↓↓↓
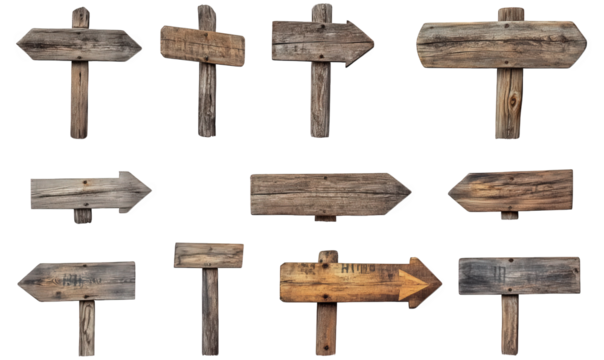 collection of wooden directional signs in various shapes and orientations. each with a rustic appearance these signs are designed to guide or indicate directions. often used in outdoor settings like p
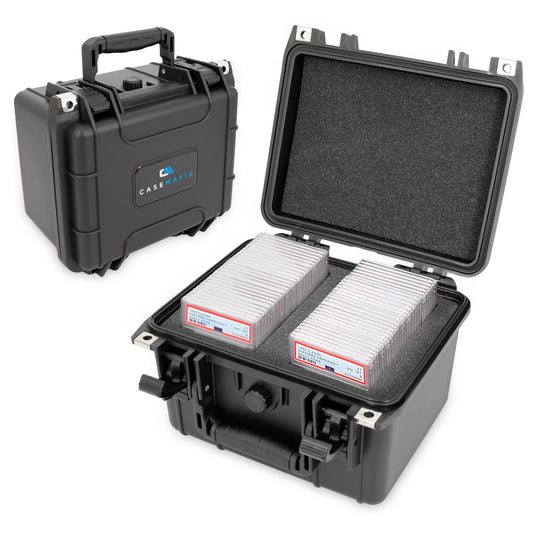 Casematix graded card case front view highlights durable shell for safe card storage.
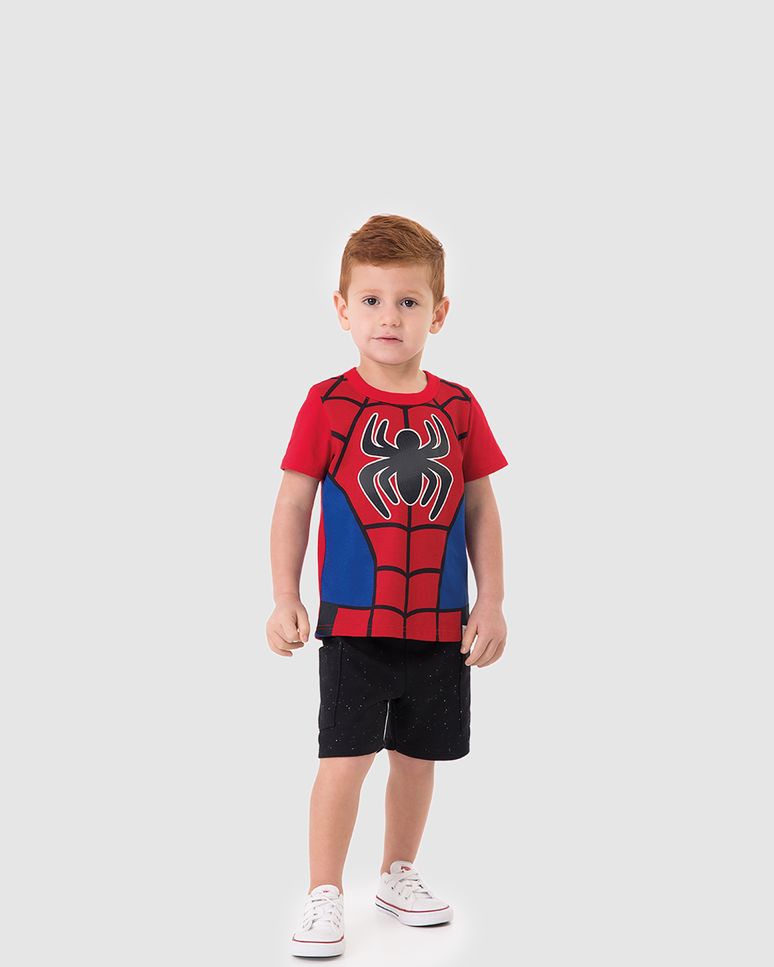 Camiseta Infantil Menino Spidey E Seus Amigos Espetaculares Malwee Kids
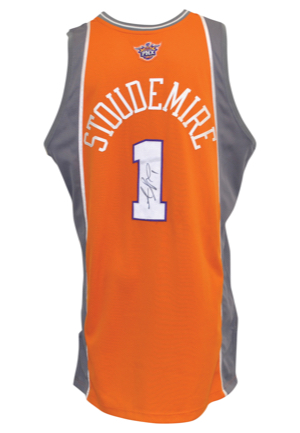 2005-06 Amare Stoudemire Phoenix Suns Game-Used & Autographed Road Jersey (Full JSA LOA)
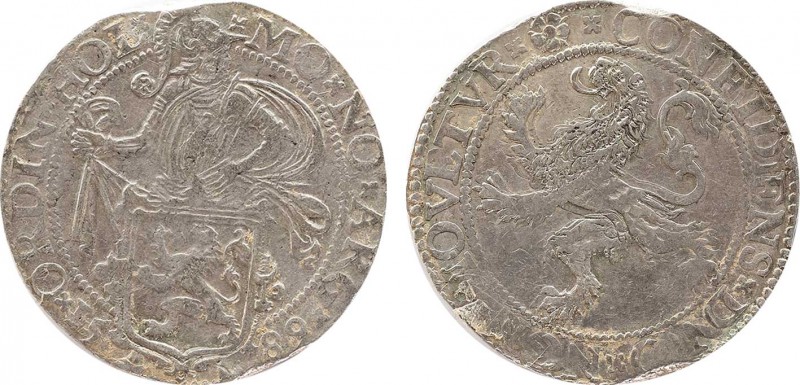NETHERLANDS. Holland. Lion Dollar or Leeuwendaalder (1589).
Obv: MO NO ARG ORDIN...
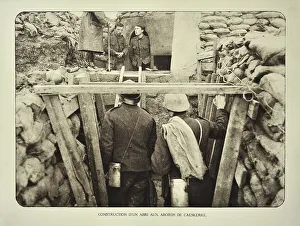 Soldiers at shelter in trench at Kaaskerke in Flanders during the First World War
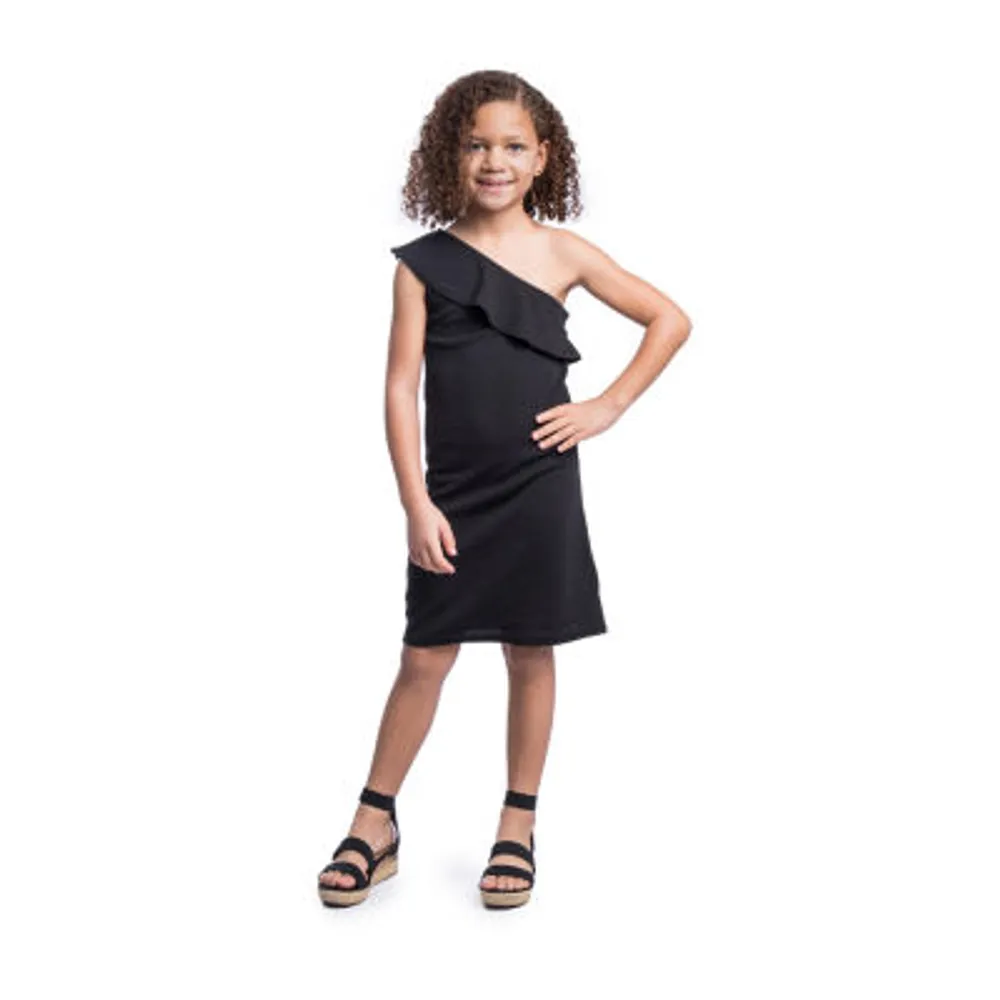 24sevenkid Big Kid Girls Sleeveless One Shoulder Sleeve Maxi Dress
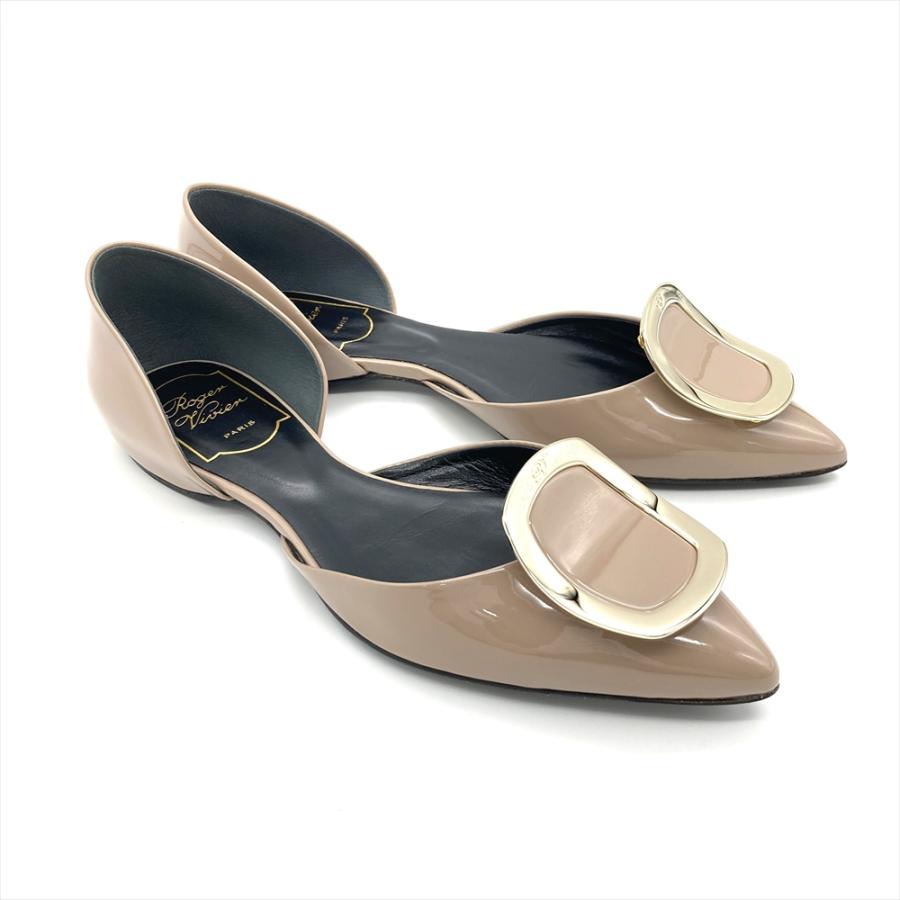 ロジェヴィヴィエ ROGERVIVIER パンプス パテントレザー ベージュ 35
↑↑↑
Reproduce only the lines from the first line of the entries through the line containing "Casematix graded card", exactly and with both ends kept. Omit the pictures.

 collection of wooden directional signs in various shapes and orientations. each with a rustic appearance these signs are designed to guide or indicate directions. often used in outdoor settings like p
 Casematix graded card case front view highlights durable shell for safe card storage.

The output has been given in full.